Expressões taxativas devem ser evitadas. Por exemplo, em vez de se dizer que "o resultado do teste da hipótese provou ", cabe, com mais propriedade, dado o carácter probabilístico inerente à estatística de inferência, afirmar que "o resultado do teste da hipótese apresentou evidências de que "
Recomenda-se, também, cuidado no uso de sinónimos. Embora louvável, pois a variedade de termos evita repetições e embeleza o estilo, o leitor poderá ter dúvidas quanto à intenção do autor quando este introduz novos termos - manter o mesmo significado do termo precedente ou introduzir uma diferença subtil?

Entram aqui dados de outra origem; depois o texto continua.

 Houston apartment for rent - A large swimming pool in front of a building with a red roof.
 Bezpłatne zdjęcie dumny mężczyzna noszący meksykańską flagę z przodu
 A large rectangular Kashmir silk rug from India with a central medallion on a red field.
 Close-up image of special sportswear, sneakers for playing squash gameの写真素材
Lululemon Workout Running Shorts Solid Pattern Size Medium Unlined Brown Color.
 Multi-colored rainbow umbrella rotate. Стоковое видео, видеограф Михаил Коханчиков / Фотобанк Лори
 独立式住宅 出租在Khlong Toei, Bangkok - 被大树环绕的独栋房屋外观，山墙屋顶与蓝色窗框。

Períodos curtos são de compreensão mais fácil que os longos, mas o autor experiente saberá manter-se entre o estilo telegráfico e um outro mais longo, entre a pobreza de expressão e a excessiva qualificação, imprópria ao discurso científico. O essencial, entretanto, é que cada período seja compreendido facilmente, sem que seja necessário ao leitor reportar-se a exposições anteriores.

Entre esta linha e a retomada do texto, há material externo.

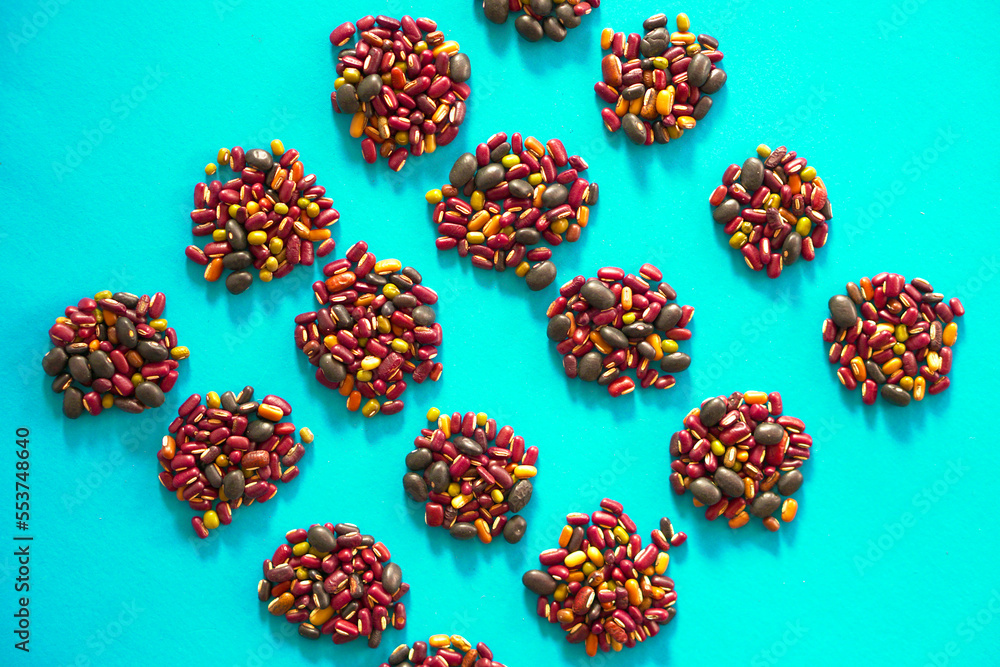 Assortment of many kinds of beans on blue background Assortment of many kinds of beans on blue background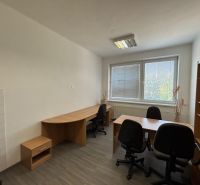 Offices with wood-patterned flooring, desks, and office chairs.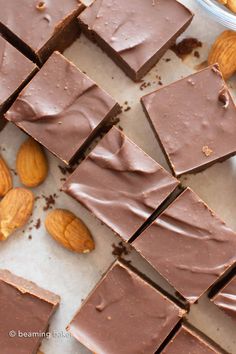 almonds and chocolate on a table next to some pieces of chocolate that have been cut into squares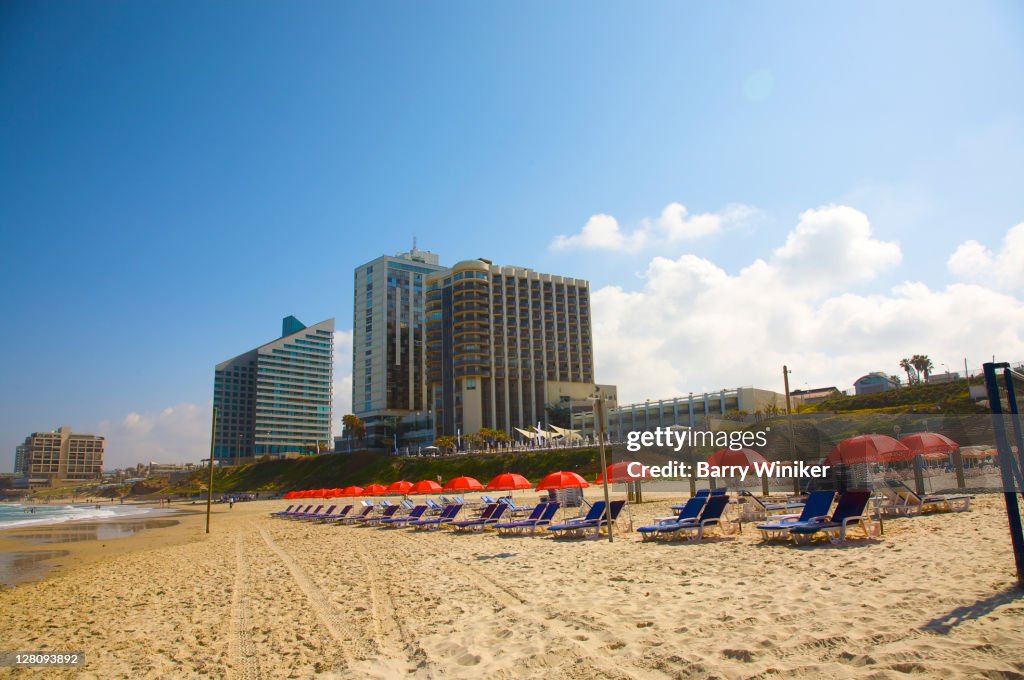 Beach chairs, umbrellas and residential and hotel towers on beach in Herzliya, Israel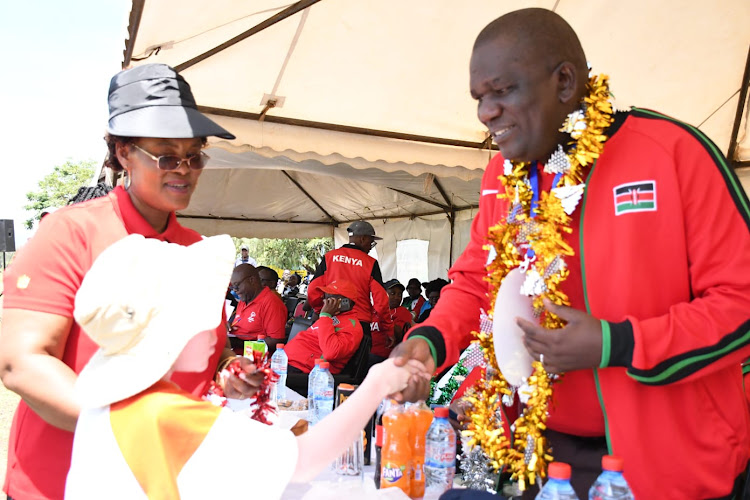 Head of directorate, Field Coordination and Co-curricular Activities, Nelson Sifuna greets a learner during the official opening of Primary and Secondary Schools Special Needs Games at Nakuru Boys High School.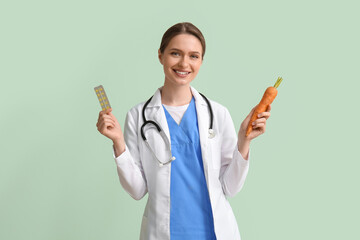 Female doctor with vitamins and carrot on green background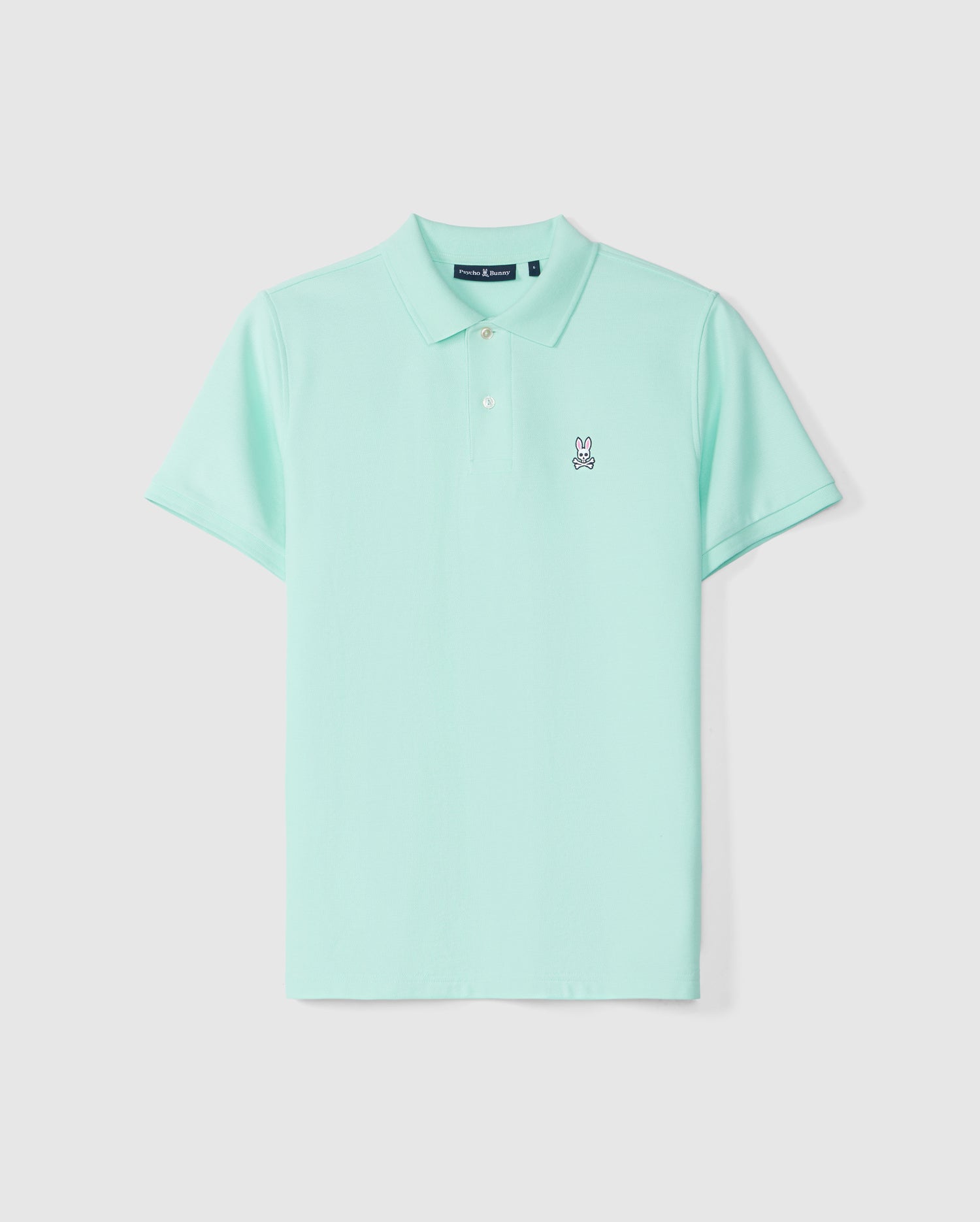 A mint green Psycho Bunny pima cotton polo shirt displayed against a plain background, featuring three buttons and a small white bunny logo on the left chest area.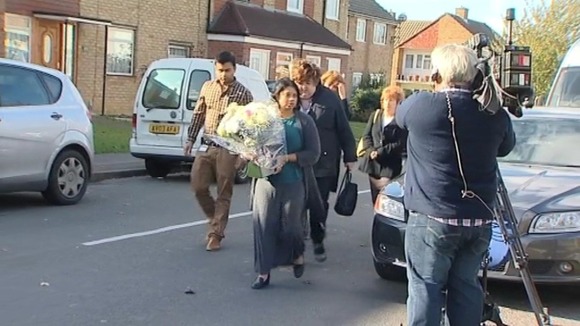 Dr Purnami De Silva arrives to lay flowers on behalf of staff at Princess Alexandra Hospital, Harlow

Ao mesmo critério deve obedecer a extensão dos parágrafos. Embora as idéias devam fluir livremente, se a matéria for longa demais merecerá reorganização para que, sem quebra da lógica e da clareza, possa distribuir-se em parágrafos cuja extensão ofereça conforto ao leitor, inclusive visualmente.
Estes são alguns dos princípios a que deve atender a boa redação científica. Não devem ser, entretanto, tão rigidamente observados a ponto de sufocarem o estilo pessoal. Não têm, também, a pretensão de assegurar a boa qualidade da redação, da mesma forma que o conhecimento de regras gramaticais não garante a boa qualidade da comunicação.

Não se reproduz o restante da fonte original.